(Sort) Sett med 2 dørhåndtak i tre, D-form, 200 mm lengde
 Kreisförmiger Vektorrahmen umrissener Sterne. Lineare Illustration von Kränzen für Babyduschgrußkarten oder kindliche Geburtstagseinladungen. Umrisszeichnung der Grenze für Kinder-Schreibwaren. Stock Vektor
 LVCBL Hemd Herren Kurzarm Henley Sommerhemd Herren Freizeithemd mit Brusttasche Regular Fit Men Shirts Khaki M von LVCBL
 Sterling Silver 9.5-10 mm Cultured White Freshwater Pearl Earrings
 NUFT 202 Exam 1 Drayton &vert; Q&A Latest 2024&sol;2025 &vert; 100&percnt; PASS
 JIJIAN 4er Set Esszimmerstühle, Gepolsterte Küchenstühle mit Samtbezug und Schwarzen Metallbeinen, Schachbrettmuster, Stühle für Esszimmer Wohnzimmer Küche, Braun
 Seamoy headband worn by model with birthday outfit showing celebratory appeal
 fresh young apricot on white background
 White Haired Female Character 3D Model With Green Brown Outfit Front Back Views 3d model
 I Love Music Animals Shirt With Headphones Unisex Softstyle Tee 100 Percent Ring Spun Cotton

TASK INSTRUCTIONS: Each line of the material above needs to be returned exactly as written.

ANSWER AREA:
(Sort) Sett med 2 dørhåndtak i tre, D-form, 200 mm lengde
 Kreisförmiger Vektorrahmen umrissener Sterne. Lineare Illustration von Kränzen für Babyduschgrußkarten oder kindliche Geburtstagseinladungen. Umrisszeichnung der Grenze für Kinder-Schreibwaren. Stock Vektor
 LVCBL Hemd Herren Kurzarm Henley Sommerhemd Herren Freizeithemd mit Brusttasche Regular Fit Men Shirts Khaki M von LVCBL
 Sterling Silver 9.5-10 mm Cultured White Freshwater Pearl Earrings
 NUFT 202 Exam 1 Drayton &vert; Q&A Latest 2024&sol;2025 &vert; 100&percnt; PASS
 JIJIAN 4er Set Esszimmerstühle, Gepolsterte Küchenstühle mit Samtbezug und Schwarzen Metallbeinen, Schachbrettmuster, Stühle für Esszimmer Wohnzimmer Küche, Braun
 Seamoy headband worn by model with birthday outfit showing celebratory appeal
 fresh young apricot on white background
 White Haired Female Character 3D Model With Green Brown Outfit Front Back Views 3d model
 I Love Music Animals Shirt With Headphones Unisex Softstyle Tee 100 Percent Ring Spun Cotton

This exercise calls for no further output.